• **WORK ORDER**: Going through the data below, tally every line where the string "Photo" occurs, then give only the tally.

• **DATASET CONTENT**:
-- Opening Marker --

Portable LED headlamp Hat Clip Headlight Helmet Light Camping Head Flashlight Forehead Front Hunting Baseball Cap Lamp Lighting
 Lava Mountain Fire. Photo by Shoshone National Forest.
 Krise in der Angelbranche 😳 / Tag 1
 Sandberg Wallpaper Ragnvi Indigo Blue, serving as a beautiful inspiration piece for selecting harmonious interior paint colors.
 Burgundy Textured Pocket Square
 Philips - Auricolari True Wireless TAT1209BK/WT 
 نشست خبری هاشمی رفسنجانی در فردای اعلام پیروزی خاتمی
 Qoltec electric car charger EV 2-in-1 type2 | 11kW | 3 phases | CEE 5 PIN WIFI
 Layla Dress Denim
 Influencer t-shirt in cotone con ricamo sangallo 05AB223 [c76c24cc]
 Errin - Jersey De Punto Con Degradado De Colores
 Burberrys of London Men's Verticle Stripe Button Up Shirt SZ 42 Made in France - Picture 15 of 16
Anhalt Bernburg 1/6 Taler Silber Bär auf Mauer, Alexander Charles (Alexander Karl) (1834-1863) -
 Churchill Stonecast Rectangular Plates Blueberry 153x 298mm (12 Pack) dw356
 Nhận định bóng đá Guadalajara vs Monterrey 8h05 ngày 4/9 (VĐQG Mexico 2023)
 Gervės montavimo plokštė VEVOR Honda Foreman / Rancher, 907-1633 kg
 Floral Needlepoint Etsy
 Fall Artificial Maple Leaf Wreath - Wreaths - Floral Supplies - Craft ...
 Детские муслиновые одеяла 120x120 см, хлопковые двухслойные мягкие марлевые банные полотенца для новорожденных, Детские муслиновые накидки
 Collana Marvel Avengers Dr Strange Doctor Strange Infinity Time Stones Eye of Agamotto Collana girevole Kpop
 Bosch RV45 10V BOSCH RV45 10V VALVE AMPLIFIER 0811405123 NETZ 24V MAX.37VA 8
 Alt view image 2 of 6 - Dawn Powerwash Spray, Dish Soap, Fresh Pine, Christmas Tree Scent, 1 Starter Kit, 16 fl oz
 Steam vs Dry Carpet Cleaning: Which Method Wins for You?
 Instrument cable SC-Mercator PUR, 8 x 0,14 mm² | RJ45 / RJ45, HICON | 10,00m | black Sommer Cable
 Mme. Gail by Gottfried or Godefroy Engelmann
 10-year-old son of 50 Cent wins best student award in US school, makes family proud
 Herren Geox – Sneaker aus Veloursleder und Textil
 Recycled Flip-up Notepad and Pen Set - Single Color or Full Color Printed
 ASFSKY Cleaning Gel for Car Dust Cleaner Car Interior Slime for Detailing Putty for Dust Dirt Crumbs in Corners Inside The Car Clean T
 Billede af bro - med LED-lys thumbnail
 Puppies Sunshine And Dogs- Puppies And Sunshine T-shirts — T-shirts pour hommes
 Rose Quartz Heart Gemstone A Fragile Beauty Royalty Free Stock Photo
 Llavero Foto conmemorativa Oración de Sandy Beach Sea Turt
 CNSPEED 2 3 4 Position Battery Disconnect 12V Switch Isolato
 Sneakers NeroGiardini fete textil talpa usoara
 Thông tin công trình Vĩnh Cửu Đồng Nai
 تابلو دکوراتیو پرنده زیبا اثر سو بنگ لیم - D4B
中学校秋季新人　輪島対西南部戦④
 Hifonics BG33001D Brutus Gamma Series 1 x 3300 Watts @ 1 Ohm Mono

-- Closing Marker --

• **RESPONSE AREA**: 2